Relative
Size Factor (Subset_Relative_Size)
This
program calculates the Relative Size Factor (largest number divided by
second largest number) for each subset.
The test is useful for detecting errors in the number amounts in a
subset. The output table
shows the:
1.
Subset reference,
2.
Largest number for the subset,
3.
Second largest number for the subset,
4.
The Relative Size Factor (calculated as (2) divided by (3)), and
5.
Total number of items for the subset.
The RSF is only calculated for subsets with more than one entry and
only takes into account numbers that are 1.00 and larger.
Your data can include field values under 1.00 and subsets with only
one entry, these items/subsets will be automatically deleted during
processing.
Round
Number Subsets (Subset_Round_Numbers)
This
program checks subsets for abnormal duplications of round numbers
(divisible by 100 (one output) or divisible by 1,000 (another output).
The outputs show the following details for each subset:
1.
Subset reference
2.
The total of the numbers for the subset.
3.
The Z-statistic which measures the significance of the difference
between the actual proportion of round numbers and 0.01 (for the multiples
of 100) and 0.001 (for the multiples of 1,000).
4.
The count of all the numbers in the subset
5.
The count of the round numbers
6.
The proportion of the numbers that are round ((5) divided by (4))
The
Round Number Subset statistics are only calculated for subsets with one or
more items where the items are 1.00 or larger.
Your
data can include field values under 1.00 these items/subsets will be
automatically deleted during processing.
The
Round Number statistics are based on the integer portion of the number
only
-
all digits to the right of the decimal point are deleted before the
program checks
whether the number is round or not.
-
numbers such as 4,500.20 and 505.05 will be analyzed as if they were 4,500
and 505
-
both 63,400.21 and 505,000 would be multiples of 100
-
634.00 would not be a multiple of 100
-
500.05 would be a multiple of 100
The next
group of Advanced tests use more than one subset variable.
These are all especially powerful error-detecting technologies.
Two
Subsets (Subset_SameSameDiff)
This
program finds instances where two subsets have the same entries.
The test is a powerful test for errors, and could, for example find
observations where:
the
invoice numbers are the same,
the
dollar amounts are the same, and
the
subsets (vendor #s) are different.
Another
test could be the same date, the
same dollar amount, and different
vendor numbers.
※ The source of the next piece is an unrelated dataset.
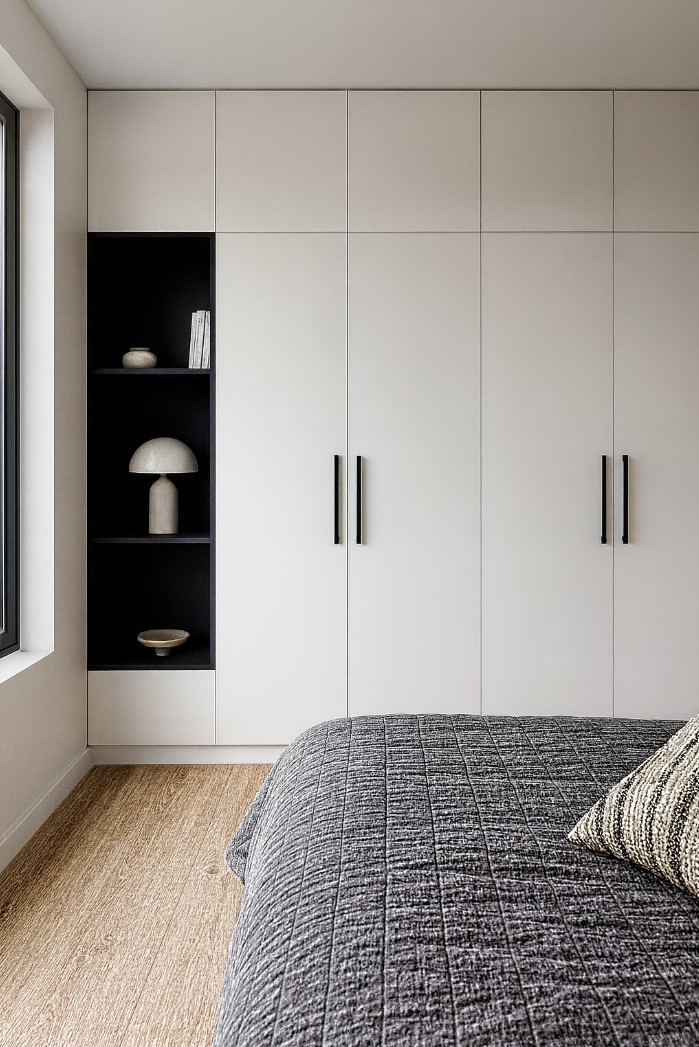 Bedroom joinery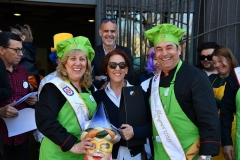 carnival-miguelturra-frying-pan-fruit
The output
shows each match on two lines (more if needed) and the details shown are:
1.
The first field found to be the same,
2.
The second field found to be the same (a numeric field), and
3.
The subset reference.
A
“Yes” in the Duplicates column indicates that there were two identical
entries for that observation.
Three
Subsets (Subset_SameSameSameDiff)
This
program is an extension of the above and will detect instances where:
a numeric
field is the same, (e.g., dollar
amount)
another
field is the same, (e.g.,
invoice number)
another
field is the same, and (e.g.,
invoice date)
another
character field is different.
(e.g., vendor number)
This test is very useful for very large data files where Two Subsets
yields thousands of matches. The
Output format is the same as for the Same-Same-Different program.
Three
Alike (Subset_SameSameSame)
This program will detect matches where:
a field
is the same,
another
field is the same, and
another
field is the same.
This
test is useful for finding unusual matches in accounts payable, employee
reimbursement, inventory, and payroll files.
Four
Alike (Subset_SameSameSameSame)
This
program is an extension of the above and will detect instances where:
four
fields are the same for two
different observations.
This
test is very useful for finding unusual matches in accounts payable,
employee reimbursement, refund, sales data, inventory, and payroll files.